我和本地NGO一起去调查的时候,村子里孩子们特别兴奋,不断用本地语言重复着一个词,我问同行的NGO同事,她说孩子们是在说“白的白的!”。我是他们见到的第一个中国人,所以被孩子们当成了“白人”。
很显然,中国公司的中方员工从来没有到过和矿区比邻的这些村子;在我之前,山区里的村民们没有见过中国人。

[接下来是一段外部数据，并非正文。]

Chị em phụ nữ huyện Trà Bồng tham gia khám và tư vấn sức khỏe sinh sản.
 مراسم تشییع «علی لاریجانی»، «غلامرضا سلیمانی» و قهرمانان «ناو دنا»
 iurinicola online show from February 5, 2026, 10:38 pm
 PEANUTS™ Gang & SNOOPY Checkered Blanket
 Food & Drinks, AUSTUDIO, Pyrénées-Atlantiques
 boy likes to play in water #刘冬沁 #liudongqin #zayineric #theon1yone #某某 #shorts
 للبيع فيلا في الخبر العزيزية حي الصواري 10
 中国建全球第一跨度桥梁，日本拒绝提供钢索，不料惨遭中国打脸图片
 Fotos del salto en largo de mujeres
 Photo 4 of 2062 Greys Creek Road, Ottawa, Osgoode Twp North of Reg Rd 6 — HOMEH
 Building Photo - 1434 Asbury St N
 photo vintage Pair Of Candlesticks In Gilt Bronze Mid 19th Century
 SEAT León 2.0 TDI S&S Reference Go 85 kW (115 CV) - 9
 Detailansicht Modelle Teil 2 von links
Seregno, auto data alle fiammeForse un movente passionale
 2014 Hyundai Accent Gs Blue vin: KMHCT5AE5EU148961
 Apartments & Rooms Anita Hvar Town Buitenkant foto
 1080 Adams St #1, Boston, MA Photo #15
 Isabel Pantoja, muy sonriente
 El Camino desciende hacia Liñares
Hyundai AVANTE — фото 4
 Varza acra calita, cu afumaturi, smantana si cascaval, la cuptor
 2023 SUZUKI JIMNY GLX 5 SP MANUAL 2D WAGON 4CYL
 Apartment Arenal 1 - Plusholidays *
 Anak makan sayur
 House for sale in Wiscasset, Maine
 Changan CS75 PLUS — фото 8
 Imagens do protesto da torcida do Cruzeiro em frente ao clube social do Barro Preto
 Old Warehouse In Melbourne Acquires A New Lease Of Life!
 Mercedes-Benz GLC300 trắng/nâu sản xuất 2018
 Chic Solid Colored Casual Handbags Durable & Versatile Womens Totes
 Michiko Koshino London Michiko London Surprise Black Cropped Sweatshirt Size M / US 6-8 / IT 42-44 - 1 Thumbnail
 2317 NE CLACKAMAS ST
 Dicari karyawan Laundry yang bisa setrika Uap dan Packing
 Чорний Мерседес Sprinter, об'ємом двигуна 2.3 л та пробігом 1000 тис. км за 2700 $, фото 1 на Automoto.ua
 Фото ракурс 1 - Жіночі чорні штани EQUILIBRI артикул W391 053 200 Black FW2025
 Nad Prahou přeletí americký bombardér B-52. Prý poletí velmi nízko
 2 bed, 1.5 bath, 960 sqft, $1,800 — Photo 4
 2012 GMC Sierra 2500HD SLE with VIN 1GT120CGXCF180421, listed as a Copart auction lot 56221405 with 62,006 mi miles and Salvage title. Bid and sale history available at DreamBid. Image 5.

在随后和当地NGO一起与当地行政长官(district chief)见面时,他也表达,从铁矿勘探到开采,他只见过中国公司委托的两位本国管理人员,但是从没见过中方管理人员。
铁矿的开采毫无疑问地影响到当地村民的生活,临近矿区的三个村落被搬迁,未搬迁的村庄则面临着饮用、灌溉水的污染和露天开采带来的噪音污染。我去的村庄附近的河流呈现铁锈红色,而矿区位于河流上游,污染状况是明显的。当地行政长官代表辖区内的民众向反映污染和土地问题,但公司的回复是这个项目是塞拉利昂国家政府引进的 项目,如有问题,他只能向首都的政府部门反映。中国公司回避和疏于交流的状态在这个矿区的土地和污染争议里体现得很明显。
此外,塞拉利昂2002年结束长达十年的内战,社会重建的过程现在还在持续进行之中;土地的确权也没有完成。中国公司矿区涉及到的土地问题,基本是以口头约定的方式确定的,包括村民的拆迁,如何征地,怎么建房,全部是口头的;没有文书来确认土地的归属,这也留下了公司矿区和社区矛盾的隐患。
因为埃博拉爆发的原因,这个矿实际运行时间不算长,造成水和土壤污染的程度还不重。但是因为矿区是露天开采,加之热带地区雨量充沛,露天矿区的重金属成分很容易在雨水冲刷下进入河流、渗透到土壤里。如果公司不采取合理的防范和治理措施,可以预见到的是今后污染问题会越来越严重影响村民的生活和身体健康,公司和相邻村庄的冲突在所难免。
中:在革命武装力量和政府签订了和平协议之后,哥伦比亚可能是一个新的投资去向,但是矿产等投资区域往往比较偏,可能在武装力量监管下。就您的调研了解来说,有什么好的经验可以帮助缓解项目方和当地社区的冲突的么?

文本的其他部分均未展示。